6 Get Started with AutoML UI

AutoML User Interface (AutoML UI) is an Oracle Machine Learning interface that provides you no-code automated machine learning modeling. When you create and run an experiment in AutoML UI, it performs automated algorithm selection, feature selection, and model tuning, thereby enhancing productivity as well as potentially increasing model accuracy and performance.

The following steps comprise a machine learning modeling workflow and are automated by the AutoML user interface:

  1. Algorithm Selection: Ranks algorithms likely to produce a more accurate model based on the dataset and its characteristics, and some predictive features of the dataset for each algorithm.
  2. Adaptive Sampling: Finds an appropriate data sample.
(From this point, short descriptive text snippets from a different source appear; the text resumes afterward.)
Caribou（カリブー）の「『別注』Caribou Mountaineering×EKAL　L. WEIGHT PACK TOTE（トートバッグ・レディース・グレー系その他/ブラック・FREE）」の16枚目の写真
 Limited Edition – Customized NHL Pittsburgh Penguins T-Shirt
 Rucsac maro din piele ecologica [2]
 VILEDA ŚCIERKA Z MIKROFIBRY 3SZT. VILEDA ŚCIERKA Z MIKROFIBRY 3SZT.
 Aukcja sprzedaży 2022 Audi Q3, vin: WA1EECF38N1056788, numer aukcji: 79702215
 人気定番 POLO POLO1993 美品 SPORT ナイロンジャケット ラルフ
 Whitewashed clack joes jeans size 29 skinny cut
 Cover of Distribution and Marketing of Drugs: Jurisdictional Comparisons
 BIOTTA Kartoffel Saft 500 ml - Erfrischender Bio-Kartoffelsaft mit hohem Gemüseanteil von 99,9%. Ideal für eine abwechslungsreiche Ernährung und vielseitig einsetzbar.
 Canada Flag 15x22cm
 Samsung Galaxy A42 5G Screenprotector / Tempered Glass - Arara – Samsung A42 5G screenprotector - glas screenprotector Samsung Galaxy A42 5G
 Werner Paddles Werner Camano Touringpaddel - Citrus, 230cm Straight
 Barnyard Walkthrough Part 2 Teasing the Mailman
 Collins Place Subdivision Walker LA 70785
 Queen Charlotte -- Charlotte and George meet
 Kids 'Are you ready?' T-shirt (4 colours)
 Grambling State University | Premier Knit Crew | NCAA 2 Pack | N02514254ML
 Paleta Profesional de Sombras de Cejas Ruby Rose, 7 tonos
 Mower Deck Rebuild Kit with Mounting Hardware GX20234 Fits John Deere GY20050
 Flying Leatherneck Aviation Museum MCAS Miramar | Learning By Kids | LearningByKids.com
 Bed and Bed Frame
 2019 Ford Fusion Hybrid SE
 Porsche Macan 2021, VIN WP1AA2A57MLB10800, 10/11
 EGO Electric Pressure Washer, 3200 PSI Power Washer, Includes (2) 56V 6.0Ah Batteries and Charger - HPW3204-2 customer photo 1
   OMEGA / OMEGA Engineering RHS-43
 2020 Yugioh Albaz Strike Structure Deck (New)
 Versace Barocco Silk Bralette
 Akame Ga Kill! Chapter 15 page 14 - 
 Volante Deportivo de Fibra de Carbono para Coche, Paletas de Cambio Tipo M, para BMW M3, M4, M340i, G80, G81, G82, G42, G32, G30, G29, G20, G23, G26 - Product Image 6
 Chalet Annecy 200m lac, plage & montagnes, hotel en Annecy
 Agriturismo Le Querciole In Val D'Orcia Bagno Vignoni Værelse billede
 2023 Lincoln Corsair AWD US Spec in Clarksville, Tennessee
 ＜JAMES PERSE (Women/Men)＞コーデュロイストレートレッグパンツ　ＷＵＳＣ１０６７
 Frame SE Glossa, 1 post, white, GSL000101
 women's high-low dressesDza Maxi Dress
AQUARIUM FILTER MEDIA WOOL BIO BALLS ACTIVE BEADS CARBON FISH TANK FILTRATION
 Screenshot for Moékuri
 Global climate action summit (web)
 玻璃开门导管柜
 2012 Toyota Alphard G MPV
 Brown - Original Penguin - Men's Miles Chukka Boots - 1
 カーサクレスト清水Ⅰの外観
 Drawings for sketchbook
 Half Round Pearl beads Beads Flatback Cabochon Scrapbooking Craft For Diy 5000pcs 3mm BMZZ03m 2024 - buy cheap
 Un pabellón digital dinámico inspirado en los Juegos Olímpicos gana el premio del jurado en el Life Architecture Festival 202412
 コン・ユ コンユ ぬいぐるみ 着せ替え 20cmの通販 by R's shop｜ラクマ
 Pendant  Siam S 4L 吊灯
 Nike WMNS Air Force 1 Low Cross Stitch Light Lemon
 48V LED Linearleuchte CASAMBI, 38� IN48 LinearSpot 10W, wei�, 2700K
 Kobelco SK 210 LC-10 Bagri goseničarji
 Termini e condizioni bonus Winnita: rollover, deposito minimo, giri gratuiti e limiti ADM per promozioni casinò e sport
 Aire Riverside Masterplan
The goal of this stage is to speed up Feature Selection and Model Tuning stages without degrading the model quality.
  3. Feature Selection: Selects a subset of features that are most predictive of the target. The goal of this stage is to reduce the number of features used in the later pipeline stages, especially during the model tuning stage to speed up the pipeline without degrading predictive accuracy.
  4. Model Tuning: Aims at increasing individual algorithm model quality based on the selected metric for each of the shortlisted algorithms.
  5. Feature Prediction Impact: This is the final stage in the AutoML UI pipeline. Here, the impact of each input column on the predictions of the final tuned model is computed. The computed prediction impact provides insights into the behavior of the tuned AutoML model.
Business users without extensive data science background can use AutoML UI to create and deploy machine learning models. Oracle Machine Learning AutoML UI provides two functional features:
  • Create machine learning models
  • Deploy machine learning models

AutoML UI Experiments

When you create an experiment in AutoML UI, it automatically runs all the steps involved in the machine learning workflow. In the Experiments page, all the experiments that you have created are listed. To view any experiment details, click an experiment. Additionally, you can perform the following tasks:

Figure 6-1 Experiments page

Experiments page
  • Create: Click Create to create a new AutoML UI experiment. The AutoML UI experiment that you create resides inside the project that you selected in the Project under the Workspace.
  • Edit: Select any experiment that is listed here, and click Edit to edit the experiment definition.
  • Delete: Select any experiment listed here, and click Delete to delete it. You cannot delete an experiment which is running. You must first stop the experiment to delete it.
  • Duplicate: Select an experiment and click Duplicate to create a copy of it. The experiment is duplicated instantly and is in Ready status.
  • Move: Select an experiment and click Move to move the experiment to a different project in the same or a different workspace. You must have either the Administrator or Developer privilege to move experiments across projects and workspaces.

    Note:

    An experiment cannot be moved if it is in RUNNING, STOPPING or STARTING states, or if an experiment already exists in the target project by the same name.
  • Copy: Select an experiment and click Copy to copy the experiment to another project in the same or different workspace.
  • Start: If you have created an experiment but have not run it, then click Start to run the experiment.
  • Stop: Select an experiment that is running, and click Stop to stop the running of the experiment.

6.1 Access AutoML UI

You can access AutoML UI from Oracle Machine Learning Notebooks.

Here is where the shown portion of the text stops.